# Forum Home Renovation The Cubby House  Moving a Cubby..

## Armers

SWMBO would like to keep our current cubby house in the back yard, downside is it need to be moved ~ 300mm back to accomidate the extension. So not only are we going to move it, we're going to move it to the other side of the yard + Lower it off its stilts.  
Now the question i have is, whats the best way to lower it and move it all in one piece?...  
It currently sits ~ 1500mm off the ground, about 10mtrs away from its final destination.   
Cheers
Ben

----------


## m6sports

Unless you have alot of friends I would say a Crane would be the easiest way. Droping it would be the easy part using timber and hydraulic jacks it's the move that would be the hardest.

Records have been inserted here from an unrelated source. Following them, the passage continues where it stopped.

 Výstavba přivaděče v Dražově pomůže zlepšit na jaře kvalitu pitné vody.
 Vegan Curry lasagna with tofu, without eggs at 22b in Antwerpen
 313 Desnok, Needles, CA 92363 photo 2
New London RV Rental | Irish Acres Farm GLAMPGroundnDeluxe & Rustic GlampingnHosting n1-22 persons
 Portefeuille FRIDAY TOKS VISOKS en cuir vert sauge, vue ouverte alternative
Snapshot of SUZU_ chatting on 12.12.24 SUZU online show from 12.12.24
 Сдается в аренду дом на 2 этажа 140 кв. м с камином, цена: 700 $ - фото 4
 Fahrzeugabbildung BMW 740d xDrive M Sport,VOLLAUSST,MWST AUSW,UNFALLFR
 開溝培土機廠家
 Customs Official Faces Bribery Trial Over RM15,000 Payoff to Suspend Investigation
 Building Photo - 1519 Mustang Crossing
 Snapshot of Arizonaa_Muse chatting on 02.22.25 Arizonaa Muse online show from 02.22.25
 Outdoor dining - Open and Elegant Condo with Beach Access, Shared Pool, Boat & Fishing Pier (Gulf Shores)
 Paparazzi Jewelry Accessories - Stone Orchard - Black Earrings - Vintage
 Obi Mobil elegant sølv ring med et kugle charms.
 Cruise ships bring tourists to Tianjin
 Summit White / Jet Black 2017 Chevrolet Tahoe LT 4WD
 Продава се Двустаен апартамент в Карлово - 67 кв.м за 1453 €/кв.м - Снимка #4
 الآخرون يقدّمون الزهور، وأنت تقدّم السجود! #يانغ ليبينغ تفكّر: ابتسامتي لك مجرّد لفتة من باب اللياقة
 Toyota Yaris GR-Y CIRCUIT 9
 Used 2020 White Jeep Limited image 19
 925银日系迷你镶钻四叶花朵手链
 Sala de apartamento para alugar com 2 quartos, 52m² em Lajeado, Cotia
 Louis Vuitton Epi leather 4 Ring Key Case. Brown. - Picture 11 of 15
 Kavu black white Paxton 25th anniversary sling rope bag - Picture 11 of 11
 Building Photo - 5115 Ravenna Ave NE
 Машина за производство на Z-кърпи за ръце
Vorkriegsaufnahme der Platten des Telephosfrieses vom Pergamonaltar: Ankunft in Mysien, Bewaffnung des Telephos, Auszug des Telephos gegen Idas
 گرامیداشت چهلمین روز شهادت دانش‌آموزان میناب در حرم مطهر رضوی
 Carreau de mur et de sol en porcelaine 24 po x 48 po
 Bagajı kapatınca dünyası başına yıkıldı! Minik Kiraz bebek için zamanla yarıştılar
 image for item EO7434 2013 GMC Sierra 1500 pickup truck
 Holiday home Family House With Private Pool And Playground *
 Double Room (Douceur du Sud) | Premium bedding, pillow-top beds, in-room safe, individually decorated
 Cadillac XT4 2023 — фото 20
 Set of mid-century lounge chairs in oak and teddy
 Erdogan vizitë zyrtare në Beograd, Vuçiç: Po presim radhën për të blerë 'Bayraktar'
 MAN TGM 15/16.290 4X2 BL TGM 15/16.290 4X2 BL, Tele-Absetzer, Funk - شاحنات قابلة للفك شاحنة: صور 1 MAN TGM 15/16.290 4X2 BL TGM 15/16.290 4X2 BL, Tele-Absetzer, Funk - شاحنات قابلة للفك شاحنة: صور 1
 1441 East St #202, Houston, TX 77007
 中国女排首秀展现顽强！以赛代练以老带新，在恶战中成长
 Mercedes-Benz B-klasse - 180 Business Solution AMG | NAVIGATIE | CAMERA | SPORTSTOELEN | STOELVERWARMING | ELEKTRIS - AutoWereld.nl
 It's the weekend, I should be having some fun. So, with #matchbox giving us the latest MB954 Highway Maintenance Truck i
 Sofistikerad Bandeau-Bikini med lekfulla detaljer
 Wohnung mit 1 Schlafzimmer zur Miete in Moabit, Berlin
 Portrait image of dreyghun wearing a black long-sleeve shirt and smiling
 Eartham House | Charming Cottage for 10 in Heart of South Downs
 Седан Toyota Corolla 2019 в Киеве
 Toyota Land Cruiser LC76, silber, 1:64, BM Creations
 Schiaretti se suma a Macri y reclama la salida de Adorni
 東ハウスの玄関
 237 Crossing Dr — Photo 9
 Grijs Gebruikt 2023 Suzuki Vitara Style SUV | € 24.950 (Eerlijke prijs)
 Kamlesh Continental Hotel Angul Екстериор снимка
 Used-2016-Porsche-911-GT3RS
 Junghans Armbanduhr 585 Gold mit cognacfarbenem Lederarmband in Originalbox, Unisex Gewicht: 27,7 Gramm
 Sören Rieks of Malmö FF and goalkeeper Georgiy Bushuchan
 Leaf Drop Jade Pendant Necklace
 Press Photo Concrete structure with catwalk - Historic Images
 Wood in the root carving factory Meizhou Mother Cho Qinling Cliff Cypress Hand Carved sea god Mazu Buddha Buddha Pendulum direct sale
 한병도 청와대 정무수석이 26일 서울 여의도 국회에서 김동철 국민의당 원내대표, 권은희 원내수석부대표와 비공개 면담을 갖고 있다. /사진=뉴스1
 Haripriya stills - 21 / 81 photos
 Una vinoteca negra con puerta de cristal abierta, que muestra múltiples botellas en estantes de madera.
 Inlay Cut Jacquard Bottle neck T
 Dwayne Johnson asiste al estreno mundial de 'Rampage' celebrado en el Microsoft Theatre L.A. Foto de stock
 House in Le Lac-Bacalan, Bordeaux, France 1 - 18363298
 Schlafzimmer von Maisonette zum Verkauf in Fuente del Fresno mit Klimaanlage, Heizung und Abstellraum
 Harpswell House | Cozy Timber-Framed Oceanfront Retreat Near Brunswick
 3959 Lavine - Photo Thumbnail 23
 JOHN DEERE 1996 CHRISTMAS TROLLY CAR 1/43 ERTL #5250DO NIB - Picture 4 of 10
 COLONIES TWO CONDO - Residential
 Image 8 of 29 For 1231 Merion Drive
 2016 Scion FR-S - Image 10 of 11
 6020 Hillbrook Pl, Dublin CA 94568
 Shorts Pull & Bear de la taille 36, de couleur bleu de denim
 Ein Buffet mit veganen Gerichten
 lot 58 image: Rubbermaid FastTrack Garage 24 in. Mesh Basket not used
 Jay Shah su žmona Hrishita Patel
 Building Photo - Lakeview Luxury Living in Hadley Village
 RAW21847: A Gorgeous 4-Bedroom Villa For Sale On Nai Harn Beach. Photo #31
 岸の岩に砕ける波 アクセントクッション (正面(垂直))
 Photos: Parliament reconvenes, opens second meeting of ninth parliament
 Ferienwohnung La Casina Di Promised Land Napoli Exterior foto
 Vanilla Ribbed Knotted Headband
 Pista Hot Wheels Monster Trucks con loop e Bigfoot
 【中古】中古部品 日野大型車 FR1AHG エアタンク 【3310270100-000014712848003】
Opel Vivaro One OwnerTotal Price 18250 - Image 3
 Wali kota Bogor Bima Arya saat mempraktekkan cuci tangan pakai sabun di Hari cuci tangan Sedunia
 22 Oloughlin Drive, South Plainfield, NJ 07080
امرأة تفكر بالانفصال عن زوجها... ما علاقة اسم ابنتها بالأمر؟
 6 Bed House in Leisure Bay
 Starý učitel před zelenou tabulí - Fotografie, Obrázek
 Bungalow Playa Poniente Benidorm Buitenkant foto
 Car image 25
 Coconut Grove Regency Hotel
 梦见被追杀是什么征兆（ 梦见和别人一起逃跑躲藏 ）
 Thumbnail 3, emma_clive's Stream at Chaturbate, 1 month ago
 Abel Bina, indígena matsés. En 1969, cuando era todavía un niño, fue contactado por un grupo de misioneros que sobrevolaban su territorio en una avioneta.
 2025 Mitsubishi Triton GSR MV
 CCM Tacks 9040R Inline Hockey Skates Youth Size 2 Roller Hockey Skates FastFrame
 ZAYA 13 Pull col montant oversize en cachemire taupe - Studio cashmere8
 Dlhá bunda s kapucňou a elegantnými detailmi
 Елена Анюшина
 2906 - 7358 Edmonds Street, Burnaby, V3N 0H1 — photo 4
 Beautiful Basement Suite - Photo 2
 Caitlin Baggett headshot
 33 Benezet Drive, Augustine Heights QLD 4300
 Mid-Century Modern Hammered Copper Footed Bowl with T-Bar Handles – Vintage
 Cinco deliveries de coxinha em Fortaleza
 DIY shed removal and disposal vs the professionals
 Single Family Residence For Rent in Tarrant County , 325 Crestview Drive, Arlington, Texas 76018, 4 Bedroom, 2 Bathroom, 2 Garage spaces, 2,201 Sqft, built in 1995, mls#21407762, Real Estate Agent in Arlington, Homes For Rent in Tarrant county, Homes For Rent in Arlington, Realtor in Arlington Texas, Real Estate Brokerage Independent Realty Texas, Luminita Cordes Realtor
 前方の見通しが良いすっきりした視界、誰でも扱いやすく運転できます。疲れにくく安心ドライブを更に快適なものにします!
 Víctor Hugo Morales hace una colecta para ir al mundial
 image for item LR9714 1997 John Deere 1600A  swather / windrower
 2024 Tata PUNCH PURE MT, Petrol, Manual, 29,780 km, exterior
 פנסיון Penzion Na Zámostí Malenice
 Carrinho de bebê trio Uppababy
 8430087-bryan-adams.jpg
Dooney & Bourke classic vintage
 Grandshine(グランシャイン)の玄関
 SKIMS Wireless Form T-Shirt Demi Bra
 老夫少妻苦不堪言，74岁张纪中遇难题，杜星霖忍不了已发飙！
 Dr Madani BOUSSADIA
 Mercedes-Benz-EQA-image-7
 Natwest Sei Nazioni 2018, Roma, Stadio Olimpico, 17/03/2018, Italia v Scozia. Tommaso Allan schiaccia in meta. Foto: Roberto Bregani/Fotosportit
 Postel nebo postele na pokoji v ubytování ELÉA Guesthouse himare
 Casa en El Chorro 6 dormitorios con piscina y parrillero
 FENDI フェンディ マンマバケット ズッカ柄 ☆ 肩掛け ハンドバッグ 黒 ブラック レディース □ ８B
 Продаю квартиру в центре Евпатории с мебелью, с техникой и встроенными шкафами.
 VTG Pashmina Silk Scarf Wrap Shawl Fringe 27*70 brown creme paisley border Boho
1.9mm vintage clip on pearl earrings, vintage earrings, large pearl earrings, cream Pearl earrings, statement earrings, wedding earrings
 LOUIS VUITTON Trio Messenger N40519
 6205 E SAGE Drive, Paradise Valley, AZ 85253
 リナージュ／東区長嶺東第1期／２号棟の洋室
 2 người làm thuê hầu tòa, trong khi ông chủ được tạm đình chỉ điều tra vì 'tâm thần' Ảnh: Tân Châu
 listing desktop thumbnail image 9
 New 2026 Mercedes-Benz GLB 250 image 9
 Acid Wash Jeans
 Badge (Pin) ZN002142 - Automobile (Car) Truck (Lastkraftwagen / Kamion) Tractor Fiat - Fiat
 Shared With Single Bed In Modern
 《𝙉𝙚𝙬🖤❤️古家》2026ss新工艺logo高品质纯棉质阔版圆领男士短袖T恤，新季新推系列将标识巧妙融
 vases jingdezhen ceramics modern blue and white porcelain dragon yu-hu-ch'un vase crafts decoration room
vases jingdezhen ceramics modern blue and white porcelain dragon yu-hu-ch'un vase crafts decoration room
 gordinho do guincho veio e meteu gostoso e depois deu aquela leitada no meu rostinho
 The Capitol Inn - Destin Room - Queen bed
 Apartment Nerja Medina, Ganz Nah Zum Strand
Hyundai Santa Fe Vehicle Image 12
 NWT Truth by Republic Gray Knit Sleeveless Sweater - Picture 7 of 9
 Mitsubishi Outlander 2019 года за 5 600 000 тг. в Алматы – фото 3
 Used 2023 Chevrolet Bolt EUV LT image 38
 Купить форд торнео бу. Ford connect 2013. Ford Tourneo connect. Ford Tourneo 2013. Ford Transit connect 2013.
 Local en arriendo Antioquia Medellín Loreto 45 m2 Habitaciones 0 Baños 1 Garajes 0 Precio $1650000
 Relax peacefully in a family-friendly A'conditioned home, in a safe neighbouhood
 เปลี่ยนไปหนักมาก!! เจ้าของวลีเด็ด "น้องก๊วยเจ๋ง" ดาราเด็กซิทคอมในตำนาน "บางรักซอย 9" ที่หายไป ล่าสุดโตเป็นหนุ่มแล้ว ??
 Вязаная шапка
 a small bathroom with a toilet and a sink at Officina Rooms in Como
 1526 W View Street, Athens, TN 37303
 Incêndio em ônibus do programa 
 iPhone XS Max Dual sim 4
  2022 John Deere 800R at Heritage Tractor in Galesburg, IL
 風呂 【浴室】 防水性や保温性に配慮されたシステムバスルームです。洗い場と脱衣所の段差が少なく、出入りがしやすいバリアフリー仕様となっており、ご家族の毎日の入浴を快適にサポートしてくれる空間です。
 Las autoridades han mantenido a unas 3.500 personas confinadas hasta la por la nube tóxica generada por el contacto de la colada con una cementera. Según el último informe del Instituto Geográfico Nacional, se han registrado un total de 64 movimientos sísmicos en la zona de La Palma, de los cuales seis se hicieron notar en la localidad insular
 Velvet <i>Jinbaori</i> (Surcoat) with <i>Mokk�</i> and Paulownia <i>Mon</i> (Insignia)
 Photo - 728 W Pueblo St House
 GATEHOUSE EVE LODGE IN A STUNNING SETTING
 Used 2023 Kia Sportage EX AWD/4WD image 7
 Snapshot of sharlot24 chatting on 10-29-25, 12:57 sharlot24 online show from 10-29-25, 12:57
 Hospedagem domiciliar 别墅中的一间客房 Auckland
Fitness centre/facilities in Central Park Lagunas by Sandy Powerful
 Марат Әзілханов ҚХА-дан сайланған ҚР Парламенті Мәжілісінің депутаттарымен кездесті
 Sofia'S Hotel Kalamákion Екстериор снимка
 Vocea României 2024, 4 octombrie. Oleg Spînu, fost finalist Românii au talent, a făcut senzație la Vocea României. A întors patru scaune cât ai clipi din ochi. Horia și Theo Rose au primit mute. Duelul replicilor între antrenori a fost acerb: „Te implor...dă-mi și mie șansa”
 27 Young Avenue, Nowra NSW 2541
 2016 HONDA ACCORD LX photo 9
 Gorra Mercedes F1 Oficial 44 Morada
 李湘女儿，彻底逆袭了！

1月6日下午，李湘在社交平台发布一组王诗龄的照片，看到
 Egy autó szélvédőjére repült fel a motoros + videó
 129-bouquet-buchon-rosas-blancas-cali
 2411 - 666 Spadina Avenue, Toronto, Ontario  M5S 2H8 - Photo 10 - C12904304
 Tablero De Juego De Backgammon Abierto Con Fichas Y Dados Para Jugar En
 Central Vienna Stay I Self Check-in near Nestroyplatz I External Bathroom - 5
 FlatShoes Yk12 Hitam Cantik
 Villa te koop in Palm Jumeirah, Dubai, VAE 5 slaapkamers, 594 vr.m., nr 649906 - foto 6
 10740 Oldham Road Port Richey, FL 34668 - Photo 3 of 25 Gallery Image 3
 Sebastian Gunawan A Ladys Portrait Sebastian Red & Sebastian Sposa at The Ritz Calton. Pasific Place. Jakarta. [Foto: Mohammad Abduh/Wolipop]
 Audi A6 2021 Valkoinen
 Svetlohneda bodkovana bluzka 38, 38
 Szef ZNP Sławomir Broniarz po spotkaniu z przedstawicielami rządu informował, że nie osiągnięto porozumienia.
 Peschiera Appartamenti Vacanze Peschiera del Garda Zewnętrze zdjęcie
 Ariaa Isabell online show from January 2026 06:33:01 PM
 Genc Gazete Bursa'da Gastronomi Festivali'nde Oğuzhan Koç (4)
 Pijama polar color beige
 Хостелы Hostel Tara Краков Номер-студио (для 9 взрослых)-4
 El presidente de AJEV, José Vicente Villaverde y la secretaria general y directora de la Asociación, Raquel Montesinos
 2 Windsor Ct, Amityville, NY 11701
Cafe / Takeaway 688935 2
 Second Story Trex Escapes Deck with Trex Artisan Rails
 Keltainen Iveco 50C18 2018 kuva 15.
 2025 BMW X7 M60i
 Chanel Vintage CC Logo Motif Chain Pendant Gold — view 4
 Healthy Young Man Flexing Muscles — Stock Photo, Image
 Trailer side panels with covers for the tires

Why not pull it apart and move it in sections

----------


## Belair_Boy

Not knowing the dimensions and weight it is a bit tricky giving ideas but as m6sports said, a jack and timber bearers (jenga style) can be used to lower it.  If it will fit on a tandem trailer it could be lowered onto the trailer, moved to the new position, raised slightly to remover the trailer and then lowered to the final position.  
Anything can be done with timber, ropes and leavers, they built the pyramids after all - but it does help to have a lot of slaves, err ... friends.  :Smilie: 
If you are at all uncomfortable lifting and moving heavy objects the crane option may prove to be the safest although not cheep.

----------


## m6sports

i didnt even think of using a trailer to move it 
but it should work  
with weight i would be thinking it would be close to 1ton  
i may be overestimating but i dont think it would be light

----------


## Armers

Its empty on the inside, it was built by an old skool chippy (prev owner) so built like a brick @@@@@@@@@.  
I was thinking hydraulic jacks to lower and then maybe drag it? Hireing a crane just for this would be too expencive, the only other thinking i would be to hire a forklift... but then again in the too expencive basket.  
I've not been in there personaly to see if its easy to pull apart yet.  
Cheers for being a sounding board for ideas! 
Ben

----------


## jago

Again not sure of the dimensions but we carried my nieces Cubby (looks similar size ) 2 guys  on each side out to pops truck to be taken to the next house. 
Lighten the load as much as possible, unsecure from base crack the whip and 8 guys should easily move it. At the height its at its perfect for getting those salves under just dont get bitten by redbacks! Cost 2  slabs  + 20 snags

----------


## Tools

Hire a couple of genie lifts to lower it. 
Tools

----------